Look through the records below for the line with "Read Potion Witch Manga Online" and the line with "5b138b42945a91b8ab7542fbbb69eff996e0f169 · Apartamento", then return those lines and all lines between, exactly.

Extracted data →
┄┄┄┄┄┄┄┄┄┄

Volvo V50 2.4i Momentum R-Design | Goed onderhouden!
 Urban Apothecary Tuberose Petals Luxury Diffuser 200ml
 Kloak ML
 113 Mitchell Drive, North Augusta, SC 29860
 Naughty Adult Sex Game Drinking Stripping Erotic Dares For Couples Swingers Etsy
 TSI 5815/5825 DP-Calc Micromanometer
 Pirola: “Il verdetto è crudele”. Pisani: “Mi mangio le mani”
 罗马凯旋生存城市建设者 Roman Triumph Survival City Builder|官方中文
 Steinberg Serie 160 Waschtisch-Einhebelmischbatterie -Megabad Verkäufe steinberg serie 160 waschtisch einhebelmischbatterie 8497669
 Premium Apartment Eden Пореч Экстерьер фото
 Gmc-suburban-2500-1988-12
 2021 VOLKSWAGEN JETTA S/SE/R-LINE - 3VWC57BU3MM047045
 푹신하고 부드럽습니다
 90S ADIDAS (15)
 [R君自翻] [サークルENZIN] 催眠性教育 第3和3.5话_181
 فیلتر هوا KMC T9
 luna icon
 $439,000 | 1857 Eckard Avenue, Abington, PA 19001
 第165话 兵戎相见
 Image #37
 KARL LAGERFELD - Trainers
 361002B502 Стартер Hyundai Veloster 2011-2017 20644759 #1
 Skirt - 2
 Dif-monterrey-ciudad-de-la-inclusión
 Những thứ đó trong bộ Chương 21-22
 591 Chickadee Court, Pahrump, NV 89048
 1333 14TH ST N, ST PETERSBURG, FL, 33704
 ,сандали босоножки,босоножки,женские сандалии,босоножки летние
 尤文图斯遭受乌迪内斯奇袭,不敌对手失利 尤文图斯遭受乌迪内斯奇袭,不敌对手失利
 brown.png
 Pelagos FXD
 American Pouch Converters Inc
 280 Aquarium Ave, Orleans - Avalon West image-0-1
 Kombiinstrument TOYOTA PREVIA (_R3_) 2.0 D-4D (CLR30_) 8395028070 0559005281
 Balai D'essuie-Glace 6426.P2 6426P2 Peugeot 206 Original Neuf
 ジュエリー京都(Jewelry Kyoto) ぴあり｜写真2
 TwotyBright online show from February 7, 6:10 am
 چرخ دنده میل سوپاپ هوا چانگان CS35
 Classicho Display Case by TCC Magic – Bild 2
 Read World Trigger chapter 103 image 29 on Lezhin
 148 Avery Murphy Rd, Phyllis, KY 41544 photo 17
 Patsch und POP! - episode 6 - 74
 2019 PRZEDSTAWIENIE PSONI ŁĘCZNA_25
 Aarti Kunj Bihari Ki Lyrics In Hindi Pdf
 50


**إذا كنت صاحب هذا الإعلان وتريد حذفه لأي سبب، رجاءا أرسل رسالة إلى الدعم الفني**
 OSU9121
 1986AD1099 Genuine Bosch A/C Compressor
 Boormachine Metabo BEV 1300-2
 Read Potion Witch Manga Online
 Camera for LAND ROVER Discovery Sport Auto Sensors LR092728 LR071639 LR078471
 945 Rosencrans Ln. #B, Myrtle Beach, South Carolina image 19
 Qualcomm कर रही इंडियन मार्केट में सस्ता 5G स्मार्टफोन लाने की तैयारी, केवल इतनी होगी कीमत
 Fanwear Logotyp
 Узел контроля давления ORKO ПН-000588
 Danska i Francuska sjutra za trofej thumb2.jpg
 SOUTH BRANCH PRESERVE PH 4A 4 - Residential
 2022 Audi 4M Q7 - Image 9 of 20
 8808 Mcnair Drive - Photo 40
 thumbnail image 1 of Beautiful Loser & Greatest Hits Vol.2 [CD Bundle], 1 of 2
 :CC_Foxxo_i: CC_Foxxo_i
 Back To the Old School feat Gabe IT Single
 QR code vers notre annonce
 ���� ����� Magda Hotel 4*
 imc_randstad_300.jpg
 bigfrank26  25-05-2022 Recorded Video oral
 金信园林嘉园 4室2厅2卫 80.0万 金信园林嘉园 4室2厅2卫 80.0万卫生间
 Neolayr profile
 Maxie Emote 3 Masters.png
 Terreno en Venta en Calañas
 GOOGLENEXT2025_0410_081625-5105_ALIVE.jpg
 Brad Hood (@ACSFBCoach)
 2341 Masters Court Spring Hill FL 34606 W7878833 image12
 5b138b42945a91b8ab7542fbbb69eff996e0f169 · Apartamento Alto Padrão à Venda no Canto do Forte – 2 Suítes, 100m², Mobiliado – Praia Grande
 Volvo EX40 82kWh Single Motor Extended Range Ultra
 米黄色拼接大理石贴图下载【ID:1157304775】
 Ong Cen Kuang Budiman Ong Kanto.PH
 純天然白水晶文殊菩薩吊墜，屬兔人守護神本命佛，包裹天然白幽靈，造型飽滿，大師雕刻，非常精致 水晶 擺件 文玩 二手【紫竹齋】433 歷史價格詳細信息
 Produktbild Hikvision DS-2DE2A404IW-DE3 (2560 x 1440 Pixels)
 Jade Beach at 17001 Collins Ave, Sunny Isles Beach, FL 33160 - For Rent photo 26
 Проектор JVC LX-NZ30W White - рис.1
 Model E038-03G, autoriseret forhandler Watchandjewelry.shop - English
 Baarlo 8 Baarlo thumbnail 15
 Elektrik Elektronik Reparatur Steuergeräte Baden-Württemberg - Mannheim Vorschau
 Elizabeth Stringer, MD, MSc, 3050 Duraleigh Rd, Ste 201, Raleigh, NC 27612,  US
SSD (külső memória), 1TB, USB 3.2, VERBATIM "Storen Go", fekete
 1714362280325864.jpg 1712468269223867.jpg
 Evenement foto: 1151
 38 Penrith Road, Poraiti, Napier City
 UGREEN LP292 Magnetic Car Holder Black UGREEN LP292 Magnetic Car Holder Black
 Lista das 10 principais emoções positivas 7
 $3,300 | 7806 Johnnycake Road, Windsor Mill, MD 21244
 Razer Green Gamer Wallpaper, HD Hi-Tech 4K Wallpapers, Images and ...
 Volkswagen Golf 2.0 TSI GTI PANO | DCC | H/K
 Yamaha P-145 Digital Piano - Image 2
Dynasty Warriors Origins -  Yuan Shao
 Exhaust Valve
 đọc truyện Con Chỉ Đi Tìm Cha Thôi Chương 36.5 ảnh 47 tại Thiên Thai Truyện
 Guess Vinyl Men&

┄┄┄┄┄┄┄┄┄┄

Result →
 Read Potion Witch Manga Online
 Camera for LAND ROVER Discovery Sport Auto Sensors LR092728 LR071639 LR078471
 945 Rosencrans Ln. #B, Myrtle Beach, South Carolina image 19
 Qualcomm कर रही इंडियन मार्केट में सस्ता 5G स्मार्टफोन लाने की तैयारी, केवल इतनी होगी कीमत
 Fanwear Logotyp
 Узел контроля давления ORKO ПН-000588
 Danska i Francuska sjutra za trofej thumb2.jpg
 SOUTH BRANCH PRESERVE PH 4A 4 - Residential
 2022 Audi 4M Q7 - Image 9 of 20
 8808 Mcnair Drive - Photo 40
 thumbnail image 1 of Beautiful Loser & Greatest Hits Vol.2 [CD Bundle], 1 of 2
 :CC_Foxxo_i: CC_Foxxo_i
 Back To the Old School feat Gabe IT Single
 QR code vers notre annonce
 ���� ����� Magda Hotel 4*
 imc_randstad_300.jpg
 bigfrank26  25-05-2022 Recorded Video oral
 金信园林嘉园 4室2厅2卫 80.0万 金信园林嘉园 4室2厅2卫 80.0万卫生间
 Neolayr profile
 Maxie Emote 3 Masters.png
 Terreno en Venta en Calañas
 GOOGLENEXT2025_0410_081625-5105_ALIVE.jpg
 Brad Hood (@ACSFBCoach)
 2341 Masters Court Spring Hill FL 34606 W7878833 image12
 5b138b42945a91b8ab7542fbbb69eff996e0f169 · Apartamento Alto Padrão à Venda no Canto do Forte – 2 Suítes, 100m², Mobiliado – Praia Grande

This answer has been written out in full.